By Clara Zeder
You have heard of global warming, emissions, deforestation, and greenhouse gases, and you have been told that these are all very bad, but do you really understand why, or what they are? Do you know the effect that carbon has in the atmosphere? Do you know why this is a concern right now, yet it was not a concern 200 years ago? Did you know that wetlands have an extreme effect on global warming?
When the sun’s ray reach the Earth, they bounce off, and the Earth radiates the energy back. When bouncing off, these rays are altered from short to long wavelengths, and become infrared rays. Infrared rays are electromagnetic waves that are not visible to humans, yet they can be perceived by us as heat.
Some of these infrared rays escape through the atmosphere, but some are trapped in the atmosphere by greenhouse gases, which causes atmospheric warming.
Carbon is a component in two of the most abundant greenhouse gases, carbon dioxide
(CO2) , and methane (CH4) . Carbon is not the enemy, however. Naturally found carbon is in all living matter, and matter is considered to be organic if it is containing carbon. Yet, when carbon is extracted from these natural sources, it becomes inorganic carbon, like that of CO2.
Contrary to what you may be thinking, greenhouse gases are the not the enemy, either.
Greenhouse gases are a tool that the earth has used for millions of years to maintain a balance, or equilibrium, in the global temperature. When humans alter the carbon cycle, this can cause climate change: the enemy.
The cycle of carbon between the ocean, atmosphere, living tissues, and soil used to occur naturally over a long geologic time scale.

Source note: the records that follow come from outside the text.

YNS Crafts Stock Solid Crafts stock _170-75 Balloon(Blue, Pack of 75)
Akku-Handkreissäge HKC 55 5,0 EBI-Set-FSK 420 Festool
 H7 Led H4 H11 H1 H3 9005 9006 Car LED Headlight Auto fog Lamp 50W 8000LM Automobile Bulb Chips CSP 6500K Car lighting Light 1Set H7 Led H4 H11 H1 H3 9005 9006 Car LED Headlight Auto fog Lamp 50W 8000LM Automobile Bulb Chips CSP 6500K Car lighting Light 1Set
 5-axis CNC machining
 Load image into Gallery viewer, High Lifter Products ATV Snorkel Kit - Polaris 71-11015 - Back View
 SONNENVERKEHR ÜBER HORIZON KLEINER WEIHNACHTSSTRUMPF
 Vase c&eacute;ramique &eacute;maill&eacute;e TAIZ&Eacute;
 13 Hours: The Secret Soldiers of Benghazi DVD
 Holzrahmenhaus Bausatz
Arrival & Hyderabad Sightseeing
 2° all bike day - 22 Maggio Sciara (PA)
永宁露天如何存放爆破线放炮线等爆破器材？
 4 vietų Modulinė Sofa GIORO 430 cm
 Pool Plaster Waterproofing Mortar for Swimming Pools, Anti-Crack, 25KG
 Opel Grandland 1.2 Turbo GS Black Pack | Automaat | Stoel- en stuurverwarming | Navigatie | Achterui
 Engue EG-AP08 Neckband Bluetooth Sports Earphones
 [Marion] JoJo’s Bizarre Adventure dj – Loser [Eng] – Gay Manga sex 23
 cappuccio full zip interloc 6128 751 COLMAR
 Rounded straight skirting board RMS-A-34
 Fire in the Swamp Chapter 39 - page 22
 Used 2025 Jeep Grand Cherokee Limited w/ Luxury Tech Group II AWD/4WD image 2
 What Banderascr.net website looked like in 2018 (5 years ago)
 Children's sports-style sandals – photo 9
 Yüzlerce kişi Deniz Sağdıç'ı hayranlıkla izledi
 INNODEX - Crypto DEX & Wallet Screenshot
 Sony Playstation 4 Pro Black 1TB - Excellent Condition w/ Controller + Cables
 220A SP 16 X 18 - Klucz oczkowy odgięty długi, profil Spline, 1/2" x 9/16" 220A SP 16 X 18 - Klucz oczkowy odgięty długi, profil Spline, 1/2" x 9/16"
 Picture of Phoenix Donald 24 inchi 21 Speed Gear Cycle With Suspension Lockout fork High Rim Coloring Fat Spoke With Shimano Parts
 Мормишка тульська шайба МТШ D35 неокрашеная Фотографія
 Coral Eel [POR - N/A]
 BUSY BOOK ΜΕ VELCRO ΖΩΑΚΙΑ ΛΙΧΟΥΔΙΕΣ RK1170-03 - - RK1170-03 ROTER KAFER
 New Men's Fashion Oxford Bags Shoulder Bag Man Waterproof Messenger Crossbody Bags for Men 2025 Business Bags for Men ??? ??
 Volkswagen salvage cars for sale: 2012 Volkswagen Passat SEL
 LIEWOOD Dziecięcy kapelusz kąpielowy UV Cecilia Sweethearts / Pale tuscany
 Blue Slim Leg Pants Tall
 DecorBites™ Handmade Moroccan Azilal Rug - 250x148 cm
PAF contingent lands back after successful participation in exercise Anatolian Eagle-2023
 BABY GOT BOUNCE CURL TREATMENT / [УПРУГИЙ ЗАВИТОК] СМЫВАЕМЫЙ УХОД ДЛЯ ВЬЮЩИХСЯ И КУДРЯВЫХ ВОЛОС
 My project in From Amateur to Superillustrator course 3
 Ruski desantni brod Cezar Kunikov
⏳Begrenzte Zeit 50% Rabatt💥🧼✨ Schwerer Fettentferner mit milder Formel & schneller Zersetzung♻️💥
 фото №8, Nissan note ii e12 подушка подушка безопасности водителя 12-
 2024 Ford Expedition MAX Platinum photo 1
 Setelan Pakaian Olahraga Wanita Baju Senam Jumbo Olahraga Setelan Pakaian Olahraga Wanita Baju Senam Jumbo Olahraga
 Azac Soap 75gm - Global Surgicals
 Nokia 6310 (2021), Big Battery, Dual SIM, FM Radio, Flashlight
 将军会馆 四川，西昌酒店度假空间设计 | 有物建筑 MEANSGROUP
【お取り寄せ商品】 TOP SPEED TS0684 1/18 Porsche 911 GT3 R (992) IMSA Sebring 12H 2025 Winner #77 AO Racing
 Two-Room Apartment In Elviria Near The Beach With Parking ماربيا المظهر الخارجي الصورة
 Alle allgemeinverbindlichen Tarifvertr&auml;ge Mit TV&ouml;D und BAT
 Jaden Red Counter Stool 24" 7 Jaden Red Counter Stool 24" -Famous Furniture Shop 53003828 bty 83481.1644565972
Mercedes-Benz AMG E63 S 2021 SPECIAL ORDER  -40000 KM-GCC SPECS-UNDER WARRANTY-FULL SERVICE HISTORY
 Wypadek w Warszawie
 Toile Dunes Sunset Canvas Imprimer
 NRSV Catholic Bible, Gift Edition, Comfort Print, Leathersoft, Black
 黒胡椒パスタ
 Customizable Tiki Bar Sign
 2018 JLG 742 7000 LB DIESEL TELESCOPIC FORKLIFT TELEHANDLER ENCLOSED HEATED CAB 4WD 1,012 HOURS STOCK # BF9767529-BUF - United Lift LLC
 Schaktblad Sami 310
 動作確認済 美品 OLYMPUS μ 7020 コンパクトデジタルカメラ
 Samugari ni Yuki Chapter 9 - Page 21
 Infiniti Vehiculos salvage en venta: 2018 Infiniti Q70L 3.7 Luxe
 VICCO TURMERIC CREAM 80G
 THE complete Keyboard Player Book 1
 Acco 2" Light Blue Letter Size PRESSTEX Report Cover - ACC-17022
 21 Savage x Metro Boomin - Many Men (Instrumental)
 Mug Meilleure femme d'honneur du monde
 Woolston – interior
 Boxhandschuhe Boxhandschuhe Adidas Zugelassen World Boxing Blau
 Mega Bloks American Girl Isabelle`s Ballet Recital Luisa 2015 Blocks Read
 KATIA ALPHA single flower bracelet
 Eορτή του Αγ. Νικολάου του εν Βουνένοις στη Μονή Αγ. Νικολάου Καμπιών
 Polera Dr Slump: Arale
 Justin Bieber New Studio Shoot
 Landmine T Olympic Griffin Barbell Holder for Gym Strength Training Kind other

Natural carbon sources include volcanic eruptions, decomposition of organic matter, and respiration.
Natural carbon sinks include oceans, plants, and soil. However, since the industrial revolution, humans have drastically advanced some aspects of the carbon cycle that remove carbon from other reservoirs and put it into the atmosphere and resultantly, into the oceans.
Fossil fuels are rich in carbon, and are being removed from the earth at a rate much, much faster than would occur naturally. Inorganic carbon is being extracted, burned, and released into the atmosphere in unprecedented amounts.
A lesser commonly known site that is rich in carbon is a wetland. Specifically, peatlands in North America and Northern Europe. Peat is a material that is similar to soil, and it contains lots of decomposed, and partially decomposed, organic matter, meaning it contains lots of carbon.
A peatland ecosystem (commonly, a bog) is the most efficient carbon sink on this planet. Sink, rather than reservoir, meaning that it not only stores, but also accumulates carbon.
Carbon sinks work against global warming by keeping some carbon out of the atmosphere, therefore not being able to absorb and reemit long wavelength radiation. Peatlands accumulate CO2, CH4 , and DOC (dissolved organic carbon), because of their ability to slow down decomposition; recall that decomposition is a source of carbon. Organic material requires oxygen to decompose. Peatlands are flooded with stagnant waters, which slows the rate of oxygen exposure, which slows the rate of decomposition.
Unfortunately, humans do significant damage by exploiting peatlands for use in gardens, similar to compost, as well as by burning peat as a fuel source. Peatland is very unique and somewhat rare because it demands very specific conditions, which take a long time to form and are very difficult to restore.
What is even more alarming, however, is that milling a peatland not only destroys a carbon sink, but also creates a carbon source! Past peatlands actually emit carbon into the atmosphere.
Increased global temperatures result in a variety of large changes all over the world, especially with regards to sea level rise. An increase in temperatures, means an increase in polar ice cap melting, which means less area for sun rays to be reflected back out of the atmosphere, and more area for sun rays to be absorbed.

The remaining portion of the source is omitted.